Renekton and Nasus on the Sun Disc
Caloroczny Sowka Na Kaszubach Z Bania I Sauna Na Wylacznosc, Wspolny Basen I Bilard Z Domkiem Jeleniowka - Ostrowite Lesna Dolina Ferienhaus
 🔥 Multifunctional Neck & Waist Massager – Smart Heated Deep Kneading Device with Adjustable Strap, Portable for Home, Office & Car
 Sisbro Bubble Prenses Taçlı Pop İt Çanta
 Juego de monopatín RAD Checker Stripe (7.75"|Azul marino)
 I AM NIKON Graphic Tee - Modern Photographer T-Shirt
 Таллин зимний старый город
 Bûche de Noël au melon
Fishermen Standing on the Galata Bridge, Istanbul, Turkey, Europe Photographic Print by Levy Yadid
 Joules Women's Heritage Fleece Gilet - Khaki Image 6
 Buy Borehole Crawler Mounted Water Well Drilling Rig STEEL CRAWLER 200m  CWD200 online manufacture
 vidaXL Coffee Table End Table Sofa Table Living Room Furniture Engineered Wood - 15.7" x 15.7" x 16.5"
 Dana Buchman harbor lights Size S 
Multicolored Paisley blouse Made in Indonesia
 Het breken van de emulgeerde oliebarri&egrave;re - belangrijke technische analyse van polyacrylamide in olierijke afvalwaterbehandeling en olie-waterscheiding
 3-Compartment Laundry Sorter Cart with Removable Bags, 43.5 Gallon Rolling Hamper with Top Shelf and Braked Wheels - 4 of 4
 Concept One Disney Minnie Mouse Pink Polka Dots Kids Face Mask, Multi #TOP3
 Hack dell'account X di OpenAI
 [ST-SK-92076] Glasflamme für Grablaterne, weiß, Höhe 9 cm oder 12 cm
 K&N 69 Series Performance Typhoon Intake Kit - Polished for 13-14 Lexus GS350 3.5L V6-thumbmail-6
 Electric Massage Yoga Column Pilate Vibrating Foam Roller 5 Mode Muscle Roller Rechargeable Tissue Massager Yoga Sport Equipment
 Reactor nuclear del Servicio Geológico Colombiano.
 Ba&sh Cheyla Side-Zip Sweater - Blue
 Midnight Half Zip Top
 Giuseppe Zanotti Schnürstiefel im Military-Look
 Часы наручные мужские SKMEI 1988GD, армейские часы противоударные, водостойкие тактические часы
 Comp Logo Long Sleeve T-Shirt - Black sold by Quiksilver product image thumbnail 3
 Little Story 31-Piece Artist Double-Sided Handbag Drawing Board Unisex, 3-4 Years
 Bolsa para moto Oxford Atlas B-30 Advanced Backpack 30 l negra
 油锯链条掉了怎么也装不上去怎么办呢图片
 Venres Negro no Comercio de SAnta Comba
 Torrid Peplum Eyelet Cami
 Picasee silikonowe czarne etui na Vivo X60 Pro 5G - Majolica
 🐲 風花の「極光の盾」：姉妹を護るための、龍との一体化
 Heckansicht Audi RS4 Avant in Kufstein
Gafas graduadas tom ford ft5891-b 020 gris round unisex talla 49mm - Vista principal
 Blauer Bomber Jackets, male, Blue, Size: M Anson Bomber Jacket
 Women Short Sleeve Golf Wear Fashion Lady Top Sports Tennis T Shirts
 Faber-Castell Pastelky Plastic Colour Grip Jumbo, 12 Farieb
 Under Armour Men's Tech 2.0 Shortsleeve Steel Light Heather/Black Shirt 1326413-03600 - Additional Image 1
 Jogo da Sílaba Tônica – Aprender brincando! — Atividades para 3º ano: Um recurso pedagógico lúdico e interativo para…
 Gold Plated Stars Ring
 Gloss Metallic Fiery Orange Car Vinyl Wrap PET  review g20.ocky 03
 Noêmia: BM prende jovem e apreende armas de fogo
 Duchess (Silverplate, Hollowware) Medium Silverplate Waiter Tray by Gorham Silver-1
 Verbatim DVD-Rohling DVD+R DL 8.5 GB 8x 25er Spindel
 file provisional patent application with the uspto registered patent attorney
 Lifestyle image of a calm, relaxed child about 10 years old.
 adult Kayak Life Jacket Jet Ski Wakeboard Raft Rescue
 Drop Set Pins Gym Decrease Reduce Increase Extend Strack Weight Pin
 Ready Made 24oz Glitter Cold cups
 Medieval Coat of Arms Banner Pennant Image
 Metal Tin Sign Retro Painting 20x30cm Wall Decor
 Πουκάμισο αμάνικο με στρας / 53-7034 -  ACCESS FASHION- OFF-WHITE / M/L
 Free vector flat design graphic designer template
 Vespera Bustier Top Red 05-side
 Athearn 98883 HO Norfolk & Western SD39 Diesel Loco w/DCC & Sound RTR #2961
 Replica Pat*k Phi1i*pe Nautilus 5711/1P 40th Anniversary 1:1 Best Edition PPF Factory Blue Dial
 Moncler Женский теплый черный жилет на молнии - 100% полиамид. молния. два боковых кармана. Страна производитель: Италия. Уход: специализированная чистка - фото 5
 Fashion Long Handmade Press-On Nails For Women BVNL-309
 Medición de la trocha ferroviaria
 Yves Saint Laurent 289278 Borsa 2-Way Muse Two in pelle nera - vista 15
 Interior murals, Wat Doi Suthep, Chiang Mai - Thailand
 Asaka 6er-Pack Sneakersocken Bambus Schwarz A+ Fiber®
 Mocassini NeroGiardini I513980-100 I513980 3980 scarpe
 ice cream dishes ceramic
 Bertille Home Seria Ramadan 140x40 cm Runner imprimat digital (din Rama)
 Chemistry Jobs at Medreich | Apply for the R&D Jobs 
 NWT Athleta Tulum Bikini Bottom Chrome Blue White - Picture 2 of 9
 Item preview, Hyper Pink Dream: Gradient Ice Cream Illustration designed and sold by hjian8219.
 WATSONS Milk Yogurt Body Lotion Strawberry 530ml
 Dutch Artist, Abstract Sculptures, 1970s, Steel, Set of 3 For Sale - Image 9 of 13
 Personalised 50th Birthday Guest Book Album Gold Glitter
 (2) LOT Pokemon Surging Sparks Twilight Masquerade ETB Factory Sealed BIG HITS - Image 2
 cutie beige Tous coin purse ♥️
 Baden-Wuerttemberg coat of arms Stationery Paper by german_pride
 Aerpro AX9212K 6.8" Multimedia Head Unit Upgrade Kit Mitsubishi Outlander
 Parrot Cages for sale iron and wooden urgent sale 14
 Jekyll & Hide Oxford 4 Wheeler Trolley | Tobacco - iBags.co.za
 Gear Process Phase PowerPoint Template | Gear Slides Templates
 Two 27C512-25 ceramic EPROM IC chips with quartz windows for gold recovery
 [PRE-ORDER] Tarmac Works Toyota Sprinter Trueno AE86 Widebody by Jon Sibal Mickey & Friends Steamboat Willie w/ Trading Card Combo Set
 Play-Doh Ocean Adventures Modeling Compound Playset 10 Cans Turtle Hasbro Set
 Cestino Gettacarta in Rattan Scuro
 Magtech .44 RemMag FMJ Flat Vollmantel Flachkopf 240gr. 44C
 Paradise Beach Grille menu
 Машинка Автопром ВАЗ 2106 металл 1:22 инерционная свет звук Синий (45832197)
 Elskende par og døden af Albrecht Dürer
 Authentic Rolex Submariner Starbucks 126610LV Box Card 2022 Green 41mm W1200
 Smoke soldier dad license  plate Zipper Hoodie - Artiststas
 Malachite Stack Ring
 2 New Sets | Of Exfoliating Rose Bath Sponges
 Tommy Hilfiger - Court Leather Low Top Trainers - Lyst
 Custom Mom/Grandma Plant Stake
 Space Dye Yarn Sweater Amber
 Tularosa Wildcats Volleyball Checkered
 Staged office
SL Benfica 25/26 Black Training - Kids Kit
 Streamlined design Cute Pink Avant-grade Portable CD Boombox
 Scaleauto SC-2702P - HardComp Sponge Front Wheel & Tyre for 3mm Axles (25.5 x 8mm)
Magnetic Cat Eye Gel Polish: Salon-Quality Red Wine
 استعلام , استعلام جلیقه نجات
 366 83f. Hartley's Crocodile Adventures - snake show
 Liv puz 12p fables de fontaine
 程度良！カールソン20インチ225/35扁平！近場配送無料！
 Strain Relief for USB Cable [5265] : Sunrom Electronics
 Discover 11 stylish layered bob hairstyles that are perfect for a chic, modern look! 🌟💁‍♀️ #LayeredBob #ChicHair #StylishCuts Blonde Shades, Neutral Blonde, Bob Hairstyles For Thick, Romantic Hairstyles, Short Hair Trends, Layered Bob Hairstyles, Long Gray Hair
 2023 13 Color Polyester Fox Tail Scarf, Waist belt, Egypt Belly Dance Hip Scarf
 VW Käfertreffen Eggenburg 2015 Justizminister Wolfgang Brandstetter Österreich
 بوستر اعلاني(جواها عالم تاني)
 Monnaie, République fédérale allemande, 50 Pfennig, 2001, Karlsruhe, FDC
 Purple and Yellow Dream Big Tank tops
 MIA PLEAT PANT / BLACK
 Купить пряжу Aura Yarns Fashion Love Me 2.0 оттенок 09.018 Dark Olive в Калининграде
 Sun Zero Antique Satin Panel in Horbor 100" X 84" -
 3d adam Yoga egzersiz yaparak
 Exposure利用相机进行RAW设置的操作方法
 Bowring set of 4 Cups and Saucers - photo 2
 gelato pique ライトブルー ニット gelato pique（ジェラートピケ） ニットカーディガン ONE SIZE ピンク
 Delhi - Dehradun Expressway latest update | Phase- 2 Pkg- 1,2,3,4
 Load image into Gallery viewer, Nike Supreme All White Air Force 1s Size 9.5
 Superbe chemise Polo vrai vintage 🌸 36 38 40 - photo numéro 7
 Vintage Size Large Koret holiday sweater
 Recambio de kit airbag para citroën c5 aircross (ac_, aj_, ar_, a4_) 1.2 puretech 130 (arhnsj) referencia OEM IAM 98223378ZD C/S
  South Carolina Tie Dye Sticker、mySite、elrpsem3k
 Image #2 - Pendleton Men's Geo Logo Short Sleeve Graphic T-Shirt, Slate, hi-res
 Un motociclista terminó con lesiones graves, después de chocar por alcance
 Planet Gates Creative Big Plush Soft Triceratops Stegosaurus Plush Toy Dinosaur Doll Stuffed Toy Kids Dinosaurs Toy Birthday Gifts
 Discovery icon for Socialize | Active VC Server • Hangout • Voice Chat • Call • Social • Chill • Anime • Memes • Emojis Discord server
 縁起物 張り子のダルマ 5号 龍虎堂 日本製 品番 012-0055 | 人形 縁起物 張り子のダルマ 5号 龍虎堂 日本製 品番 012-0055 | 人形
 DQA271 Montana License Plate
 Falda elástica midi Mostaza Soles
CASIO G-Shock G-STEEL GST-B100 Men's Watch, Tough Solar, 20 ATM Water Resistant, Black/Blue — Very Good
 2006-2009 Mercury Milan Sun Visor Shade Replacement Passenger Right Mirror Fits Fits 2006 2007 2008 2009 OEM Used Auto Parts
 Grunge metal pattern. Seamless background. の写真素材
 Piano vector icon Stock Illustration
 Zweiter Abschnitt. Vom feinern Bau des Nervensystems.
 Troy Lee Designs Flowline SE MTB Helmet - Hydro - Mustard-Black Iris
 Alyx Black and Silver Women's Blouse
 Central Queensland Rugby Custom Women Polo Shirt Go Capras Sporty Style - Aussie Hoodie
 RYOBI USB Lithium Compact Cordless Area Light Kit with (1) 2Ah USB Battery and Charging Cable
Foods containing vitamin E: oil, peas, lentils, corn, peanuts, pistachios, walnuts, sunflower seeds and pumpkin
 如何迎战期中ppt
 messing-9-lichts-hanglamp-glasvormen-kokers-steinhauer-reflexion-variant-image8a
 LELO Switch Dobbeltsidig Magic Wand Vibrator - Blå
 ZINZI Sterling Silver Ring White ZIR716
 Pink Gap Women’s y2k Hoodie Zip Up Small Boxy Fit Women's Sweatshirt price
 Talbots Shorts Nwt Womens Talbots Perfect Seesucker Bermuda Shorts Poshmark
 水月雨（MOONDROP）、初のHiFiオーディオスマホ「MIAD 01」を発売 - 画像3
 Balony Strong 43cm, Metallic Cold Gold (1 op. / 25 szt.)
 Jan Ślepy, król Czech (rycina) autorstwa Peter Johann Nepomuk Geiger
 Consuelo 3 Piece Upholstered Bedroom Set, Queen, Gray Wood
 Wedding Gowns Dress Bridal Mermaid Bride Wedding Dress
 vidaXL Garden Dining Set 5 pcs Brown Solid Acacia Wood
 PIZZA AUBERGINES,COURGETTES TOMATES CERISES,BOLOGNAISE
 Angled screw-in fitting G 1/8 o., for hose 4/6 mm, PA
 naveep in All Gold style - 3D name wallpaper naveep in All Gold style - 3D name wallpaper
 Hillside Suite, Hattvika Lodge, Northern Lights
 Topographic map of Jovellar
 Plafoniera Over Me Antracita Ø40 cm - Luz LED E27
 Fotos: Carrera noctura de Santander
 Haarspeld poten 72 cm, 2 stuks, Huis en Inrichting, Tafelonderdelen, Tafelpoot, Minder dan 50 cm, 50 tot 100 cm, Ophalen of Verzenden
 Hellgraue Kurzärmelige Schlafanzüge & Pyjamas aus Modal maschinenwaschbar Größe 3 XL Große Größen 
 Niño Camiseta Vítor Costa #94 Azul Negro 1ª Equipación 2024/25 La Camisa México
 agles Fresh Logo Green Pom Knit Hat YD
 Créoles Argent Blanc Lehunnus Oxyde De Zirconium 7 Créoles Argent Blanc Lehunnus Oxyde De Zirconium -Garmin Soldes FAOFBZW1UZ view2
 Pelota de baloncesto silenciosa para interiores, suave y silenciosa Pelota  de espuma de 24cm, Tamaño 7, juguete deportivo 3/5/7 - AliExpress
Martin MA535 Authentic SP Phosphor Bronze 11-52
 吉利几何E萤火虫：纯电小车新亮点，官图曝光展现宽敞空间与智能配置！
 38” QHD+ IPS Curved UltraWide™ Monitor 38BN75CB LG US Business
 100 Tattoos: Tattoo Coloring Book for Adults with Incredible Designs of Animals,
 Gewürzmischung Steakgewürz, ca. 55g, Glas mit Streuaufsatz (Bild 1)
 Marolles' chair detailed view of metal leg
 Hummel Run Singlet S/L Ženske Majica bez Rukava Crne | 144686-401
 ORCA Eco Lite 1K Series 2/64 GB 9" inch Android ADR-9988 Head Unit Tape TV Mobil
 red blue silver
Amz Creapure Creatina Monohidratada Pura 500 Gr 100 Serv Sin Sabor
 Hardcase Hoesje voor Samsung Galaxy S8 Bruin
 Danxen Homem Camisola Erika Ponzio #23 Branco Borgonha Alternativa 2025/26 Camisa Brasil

********************

EXERCISE PROMPT: Filter the material for the word "Illustration" and copy each matching line.

WRITTEN SOLUTION:
 Item preview, Hyper Pink Dream: Gradient Ice Cream Illustration designed and sold by hjian8219.
 Piano vector icon Stock Illustration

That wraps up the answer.